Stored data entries

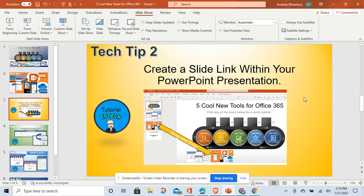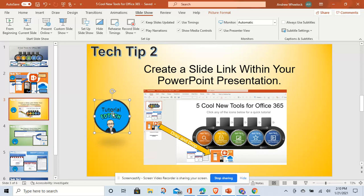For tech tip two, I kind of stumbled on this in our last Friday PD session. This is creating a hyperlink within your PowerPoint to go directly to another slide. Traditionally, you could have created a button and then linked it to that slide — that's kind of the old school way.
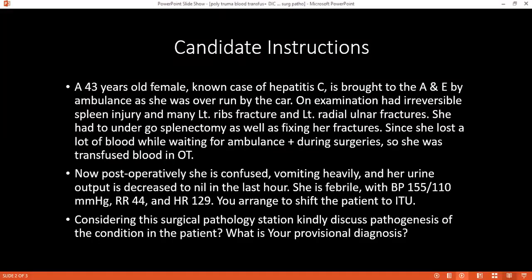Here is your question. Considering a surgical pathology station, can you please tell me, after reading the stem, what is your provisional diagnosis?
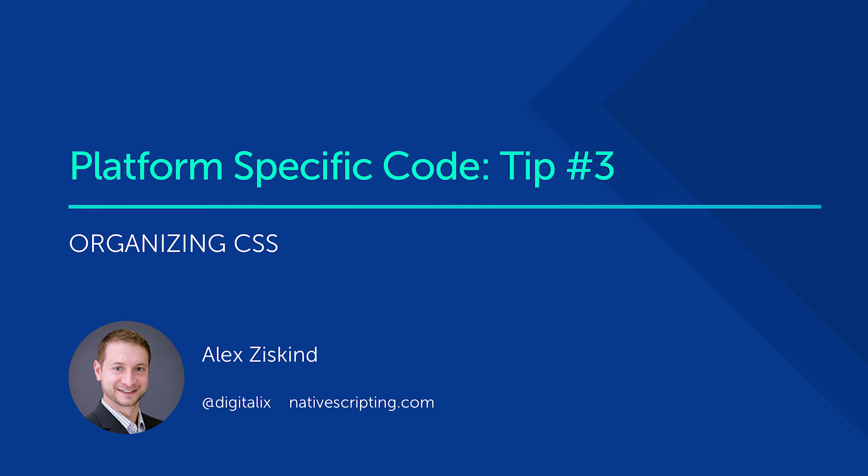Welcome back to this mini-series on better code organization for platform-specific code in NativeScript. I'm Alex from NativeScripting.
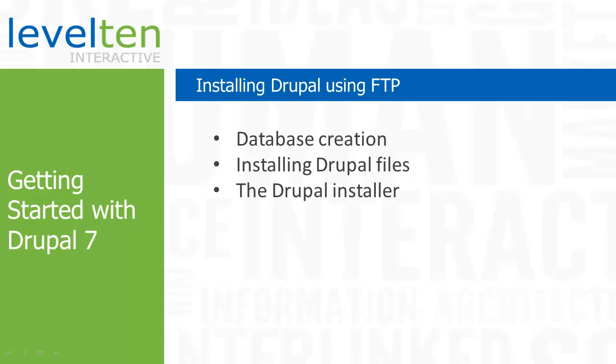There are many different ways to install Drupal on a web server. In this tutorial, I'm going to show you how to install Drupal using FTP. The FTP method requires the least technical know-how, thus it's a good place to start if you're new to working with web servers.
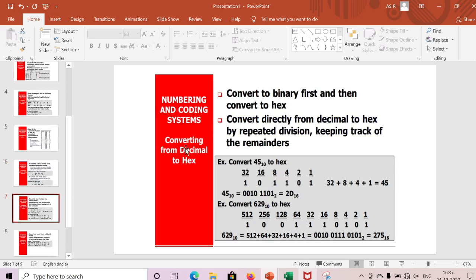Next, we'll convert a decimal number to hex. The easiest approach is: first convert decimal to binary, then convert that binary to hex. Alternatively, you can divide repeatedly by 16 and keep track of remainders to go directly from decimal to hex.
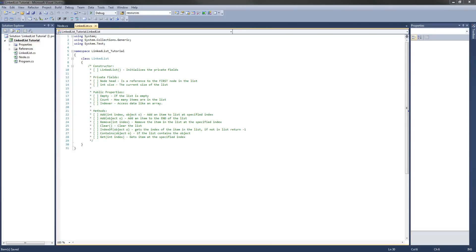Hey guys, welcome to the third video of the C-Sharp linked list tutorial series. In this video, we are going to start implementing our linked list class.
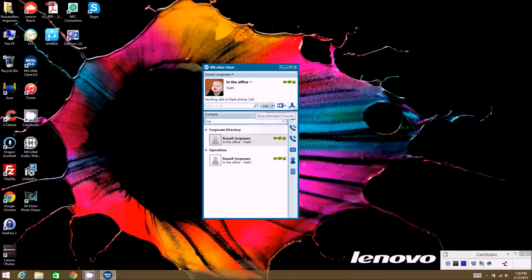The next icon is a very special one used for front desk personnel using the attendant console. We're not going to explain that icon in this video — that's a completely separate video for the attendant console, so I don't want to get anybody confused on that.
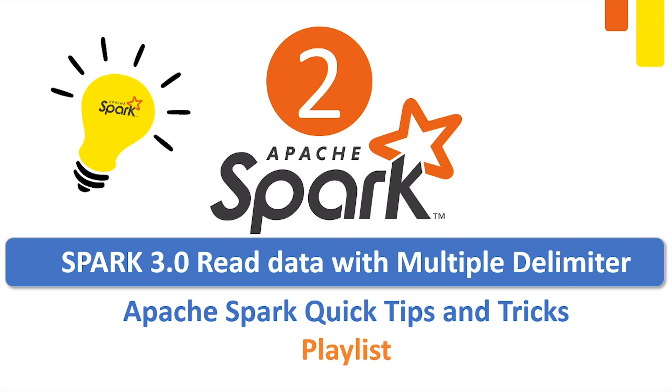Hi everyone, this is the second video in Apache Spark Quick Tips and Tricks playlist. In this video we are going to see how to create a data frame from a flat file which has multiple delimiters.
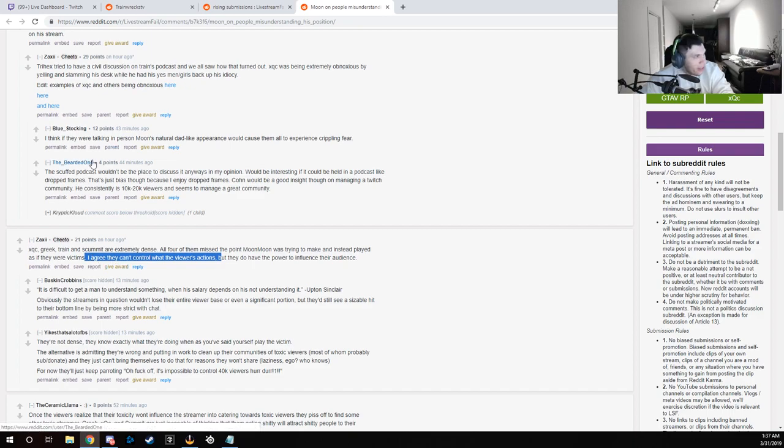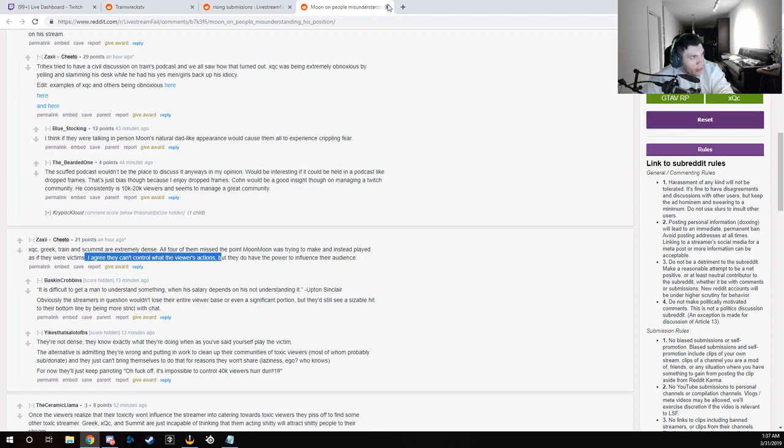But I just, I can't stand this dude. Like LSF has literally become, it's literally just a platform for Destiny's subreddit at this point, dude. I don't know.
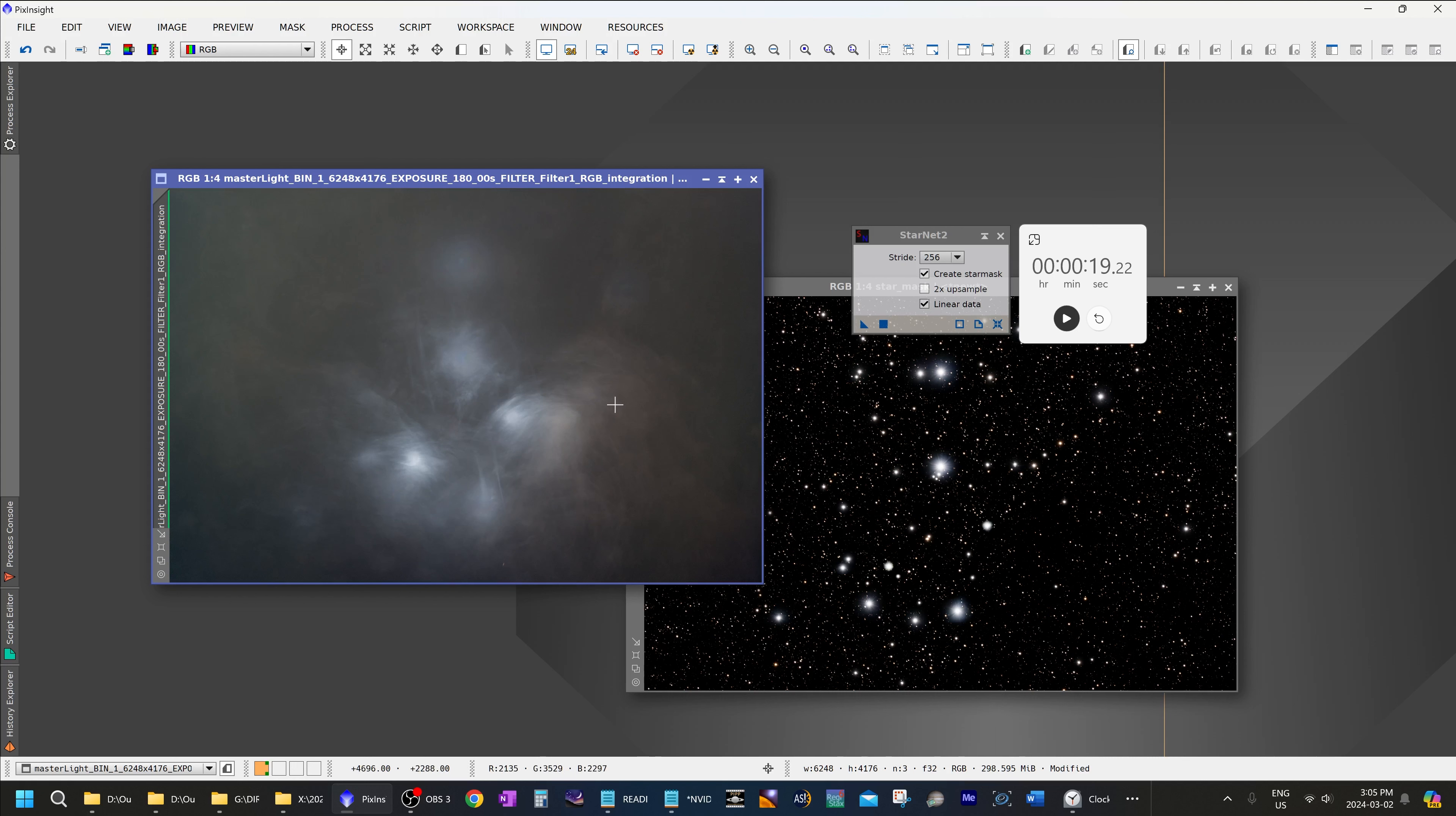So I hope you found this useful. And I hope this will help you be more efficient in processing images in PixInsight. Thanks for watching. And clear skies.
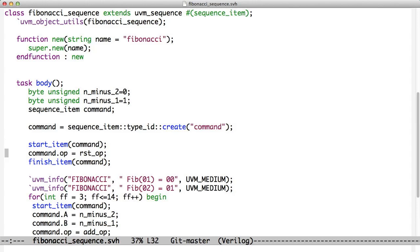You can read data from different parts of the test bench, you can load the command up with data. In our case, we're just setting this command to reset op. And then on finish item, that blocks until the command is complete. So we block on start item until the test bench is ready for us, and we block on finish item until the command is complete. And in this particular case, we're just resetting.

YOUR INSTRUCTIONS:
An exact copy of the lines above from the one with "Welcome back to" up to and including the one with "There are many" is required; reproduce only those lines, omitting all pictures.

FINAL ANSWER:
Welcome back to this mini-series on better code organization for platform-specific code in NativeScript. I'm Alex from NativeScripting.
There are many different ways to install Drupal on a web server. In this tutorial, I'm going to show you how to install Drupal using FTP. The FTP method requires the least technical know-how, thus it's a good place to start if you're new to working with web servers.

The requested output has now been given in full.